Significant training in technique, software, anatomy, and measurement methods are also necessary for correct interpretation of the data to know which portions of the scan are useful. Additionally, training is necessary to understand the balance between too high of a resolution and too low; both are problematic and can result in wasted time, energy, and resources. There is also a relative subjectivity in selecting the appropriate threshold used for proper visualization of the 3D objects. While the financial costs associated with generating 3D models (photogrammetry, surface scanning, CT, or MRI) can be the highest among the methods discussed here, over time the costs have dropped substantially, and access to different scanning modalities for a wide variety of researchers has rapidly increased ( Vaz et al. 2022 ). An additional cost includes transportation of a new specimen to and from the scanners, considering that all scanning cannot be done in-house at all natural history collections or research institutions. Although segmentation programs were a financial barrier for many researchers until recently (e.g., Mimics and Amira), free and open-source programs such as 3D Slicer ( Rolfe et al. 2021 ) are helping to democratize the process ( Hedrick et al. 2020a ). After this initial barrier is cleared, micro-CT scans often result in large datasets (>6 GB each), and substantial computing power can be required to segment and render an anatomical model from the image stack. This results in an added hardware expense and potential financial barrier for students and research labs with limited funding.

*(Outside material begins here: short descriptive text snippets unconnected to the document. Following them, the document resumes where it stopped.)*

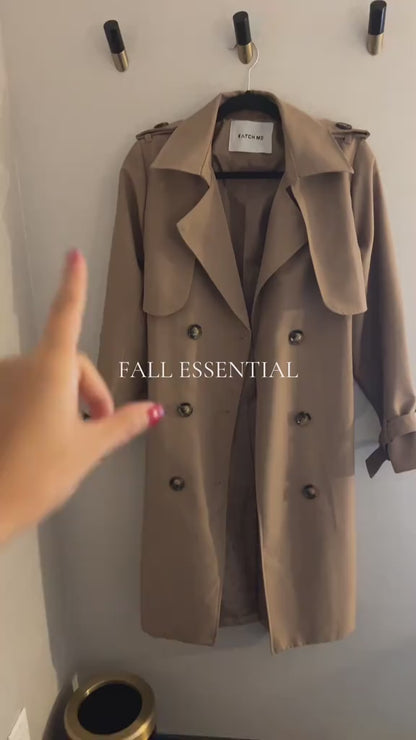 Solid Double Breasted Detachable Trench Coat Fall & Winter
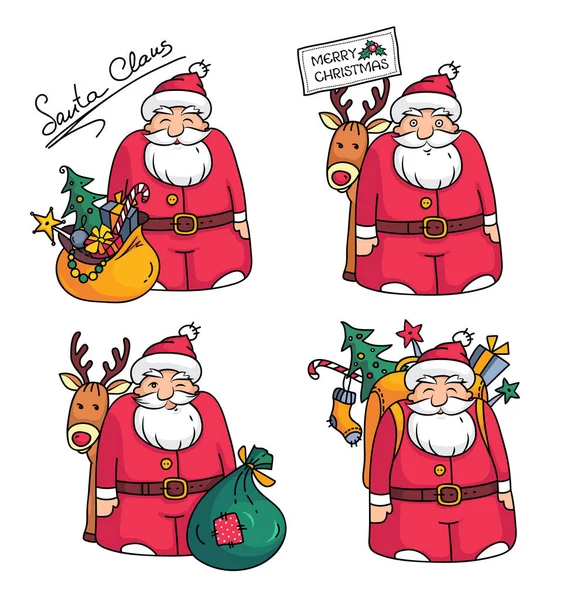 Illustrazione di festa con il carattere di Babbo Natale, renne, borsa, borsa, albero di Natale, regali e decorazioni natalizie — Vettoriale Stock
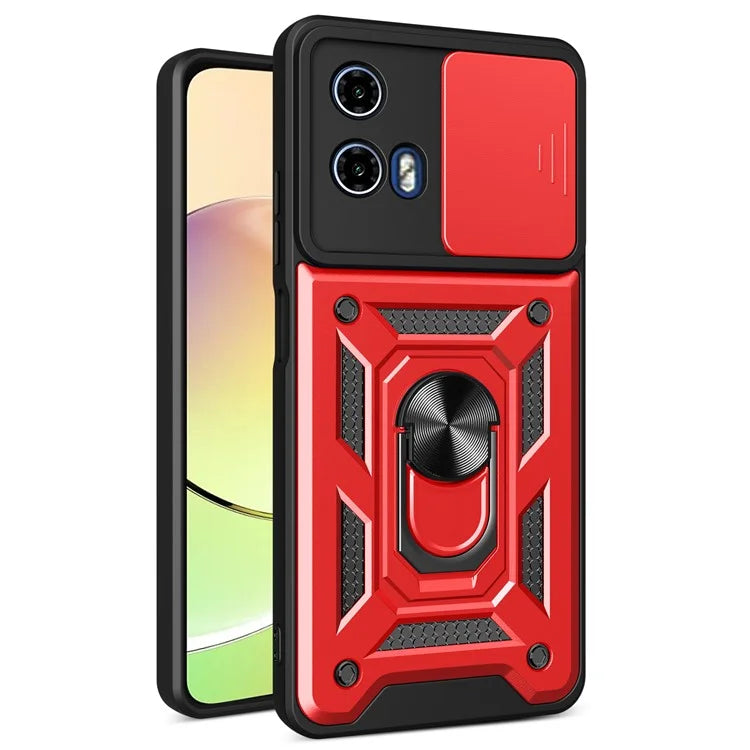 For 	Motorola Moto G34 5G Case PC+TPU Phone Protective Cover with Lens Protector Kickstand Phone Shell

Contrast digital scanning and MRI
Several methods are included in this section, including soft-tissue staining with CT scans and MRI methods. These methods allow for the examination of both hard- and soft-tissue structures while limited destruction of specimens.
Contrast-enhanced CT scanning using, for example, iodine or phosphotungstic acid, allows researchers to visualize soft tissues at the same high resolution (∼1um) as hard tissues ( Gignac and Kley 2014 ; Gignac et al. 2016 ). MRI methods are ideal for studying soft tissues without the addition of potentially irreversible contrast stains, for instance, the examination of the delicate light organs of ponyfishes, which were examined in situ (Leiognathidae; Chakrabarty et al. 2011 ). These organs are made of soft tissue surrounding the esophagus that break apart easily in dissections and cannot be separated from the esophagus intact by traditional morphological approaches; however, the use of MRI technology permitted comparative analyses and the measurement of a “light organ index,” which quantified the relative volume of these features in different species. These datafiles (contrast CT and MRI) are commonly shared in open-source frameworks and can be used in subsequent analyses of morphology.
In addition to the downsides listed above (see the “Digital scanning” section), the contrast agents used in this scanning method can alter the coloration of preserved specimens. Often this change is temporary, and the majority of the chemical color can be removed after scanning, but sometimes there will be a permanent change in the overall color of the specimen. This may not be ideal for rare or important specimens. The addition of contrast agents also increases the relative size of the digital files during segmentation, as more tissues can be visualized as the 3D object. As with regular scanning, this increases the need for computing power and an understanding of anatomy for correct interpretation. MRI is a lower resolution technique that does not provide the same level of detail as other scanning methods and therefore may not be as useful; although, microMRI methods are currently being developed.
If specimens are easily accessible (no limits on sampling)
Some organisms of interest are common in natural history museum collections, the aquarium/zoo trade, or with field sampling ( Poo et al. 2022 ). There are likely fewer restrictions imposed on these specimens by the collection staff, allowing for more destructive methods to be used to examine and quantify morphology. In other instances, rare specimens may be used sparingly with these methods to further understand their morphology, ecology, or biomechanics.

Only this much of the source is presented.